Preliminary insights follow from visual exploration of the data.
Why is this Case Study Worth a Read?
Among 10 cars purchased at wholesale auto auction, 1 turns out to be a lemon, on average.1 The associated cost scales rapidly over time and the population of car retailers. How can wholesale auto auction transaction data help buyers avoid future lemons? That is the exciting business question for the sold-at-wholesale auto auction data I examine.
About the Sold-at-Wholesale Auto Auction Data
Around 2012, Carvana – a car retailer – posted wholesale auto auction transaction data for a prediction competition. The instruction: “predict if a car purchased at auction is a lemon” (Kaggle 2012). Carvana defines a lemon as a car with “serious issues that prevent it from being sold to customers […] [such as] tampered odometers, mechanical issues the dealer is not able to address, issues with getting the vehicle title from the seller,” etc (Kaggle 2012).

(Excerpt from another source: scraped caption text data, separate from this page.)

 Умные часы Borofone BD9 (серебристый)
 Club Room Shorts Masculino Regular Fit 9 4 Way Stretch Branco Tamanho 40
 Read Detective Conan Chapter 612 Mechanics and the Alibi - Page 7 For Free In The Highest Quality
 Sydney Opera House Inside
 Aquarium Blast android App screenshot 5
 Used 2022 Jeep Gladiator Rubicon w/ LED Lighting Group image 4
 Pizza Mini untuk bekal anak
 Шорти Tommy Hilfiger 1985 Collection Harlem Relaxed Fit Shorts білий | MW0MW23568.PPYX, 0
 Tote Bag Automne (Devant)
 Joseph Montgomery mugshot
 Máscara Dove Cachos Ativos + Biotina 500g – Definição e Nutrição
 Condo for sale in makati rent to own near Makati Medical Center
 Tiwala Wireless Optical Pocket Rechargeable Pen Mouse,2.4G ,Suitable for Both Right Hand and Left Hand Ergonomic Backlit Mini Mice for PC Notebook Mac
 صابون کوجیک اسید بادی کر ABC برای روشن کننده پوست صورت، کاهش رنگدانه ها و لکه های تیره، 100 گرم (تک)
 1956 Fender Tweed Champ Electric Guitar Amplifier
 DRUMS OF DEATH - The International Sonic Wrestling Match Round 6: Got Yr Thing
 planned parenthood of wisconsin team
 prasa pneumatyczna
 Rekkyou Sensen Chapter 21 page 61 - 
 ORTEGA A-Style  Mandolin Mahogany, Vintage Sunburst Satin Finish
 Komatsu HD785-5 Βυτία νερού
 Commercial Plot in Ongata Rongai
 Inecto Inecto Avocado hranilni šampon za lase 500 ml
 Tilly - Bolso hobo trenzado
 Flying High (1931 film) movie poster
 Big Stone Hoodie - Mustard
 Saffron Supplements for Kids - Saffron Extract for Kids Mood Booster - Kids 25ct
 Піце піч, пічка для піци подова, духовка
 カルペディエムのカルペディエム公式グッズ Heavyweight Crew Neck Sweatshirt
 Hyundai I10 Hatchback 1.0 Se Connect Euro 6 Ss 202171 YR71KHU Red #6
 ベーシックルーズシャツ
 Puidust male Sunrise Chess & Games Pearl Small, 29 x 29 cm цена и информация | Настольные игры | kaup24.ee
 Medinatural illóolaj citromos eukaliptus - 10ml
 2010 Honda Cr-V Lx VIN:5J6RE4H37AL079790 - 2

How do these data look in a spreadsheet? What’s the structure? One row2 represents a vehicle purchased at auction. That row contains vehicle and transaction information which may help predict the key outcome: whether the vehicle turns out to be a lemon (“yes” or “no”). The data record approximately 70,000 auction purchases.
The data contain these potential predictors3 of whether a vehicle turns out to be a lemon:
|Date of purchase|
|Years elapsed since the manufacturer’s year|
|Odometer reading (mileage)|
|Expected price: in auction market, in average condition|
|Expected price: in auction market, in above-average condition|
|Expected price: in retail market, in average condition|
|Expected price: in retail market, in above-average condition|
|Auction’s level of guarantee|
|Buyer’s unique ID|
|Zipcode of purchase|
|State of purchase|
|Purchase occurred online (yes/no)|
|Warranty price (term = 36-month and mileage = 36K)|
With relatively many possible predictors, how might the data analysis proceed? In my view, optimal data analysis combines theory and computational pattern-finding. Subject matter expertise (theory) should offer a general guide for quantitative modeling. However, that level of knowledge may not be specific enough to the data at hand. So theory and intuition also follow from exploring the available data: through charts, summary statistics, and so on4. I undertake this data exploration in the blog content that follows.
Data exploration helps address critical questions which must precede any formal modeling.
- Do the values recorded in my data look reasonable? Are there obvious recording errors or ambiguities?
- How would I describe these data’s contents to a colleague, client, or friend?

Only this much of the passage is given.